The excoriation wasn’t quite that dramatic, but the sentiment left no doubt as to the perceived dangers inherent in the language of a recent column.  
The offending words – junkie, drunk and addict – caused alarm in a warm bubble-bath handy the health system’s addictions closet; a soapy place somewhere nearer Oz than Kansas, where the righteous dare not permit the devil’s name.
The words are stigmatizing, the sympathetic harm-reductionists scolded the brute scribbler, and as such their proliferation in text deters people known amorphously as “substance users” from seeking equally amorphous help with the unknowable substance.
Clarity and honesty must be sacrificed on the higher alter of sensitivity, lest someone’s feelings are hurt on the way to their self-execution.
“. . . angelheaded hipsters burning for the ancient heavenly connection to the starry dynamo in the machinery of night,” wrote Allan Ginsberg of his friend Herbert Huncke and ilk.
Some other words in Ginsberg’s great poem were challenged, not for their stigmatizing insensitivity, but for their alleged obscenity. Howl is still studied in every modern poetry class worthy of a syllabus, so truth was victorious over the tightly-clinched butt cheeks of fearful puritanism.

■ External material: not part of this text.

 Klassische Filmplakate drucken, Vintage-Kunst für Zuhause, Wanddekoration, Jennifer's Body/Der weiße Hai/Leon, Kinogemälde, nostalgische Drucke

But now, the stigmatizing words must be exorcised to bubble-wrap the boozer and the user for safekeeping, rather than slap him awake before the suicide is done.

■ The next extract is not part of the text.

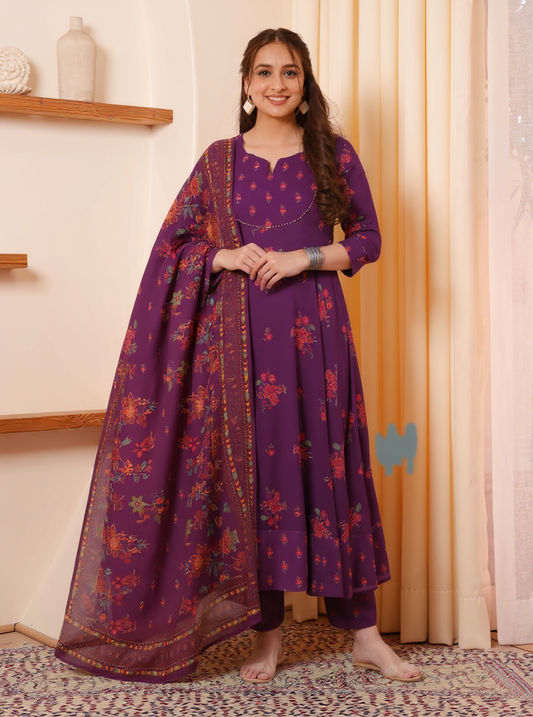 Embroidered Viscose Floral Anarkali Maroon Kurta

Ginsberg, of course, said that Huncke was a junkie in just so many words, and not solely for the simple rhyme, but because it was true.  You could seek confirmation from Herbert himself, so long as you caught him early, before 1996. After noon he was too stoned, and after ’96 too dead, to reply.
There is no mystery in Huncke’s survival of a half-century addiction. His morning’s work – stealing stuff – financed his vocation – junkie – and offered the side benefit of intermittent periods as a guest of the state. Those welcome interludes interrupted Huncke’s regimented injection schedule and thereby kept him alive about 25 years longer than anyone was willing to bet.
With variations, readers can visualize a “drunk.”  There is little room for ambiguity with the harsher term “junkie,” and an addict is obviously someone with an addiction.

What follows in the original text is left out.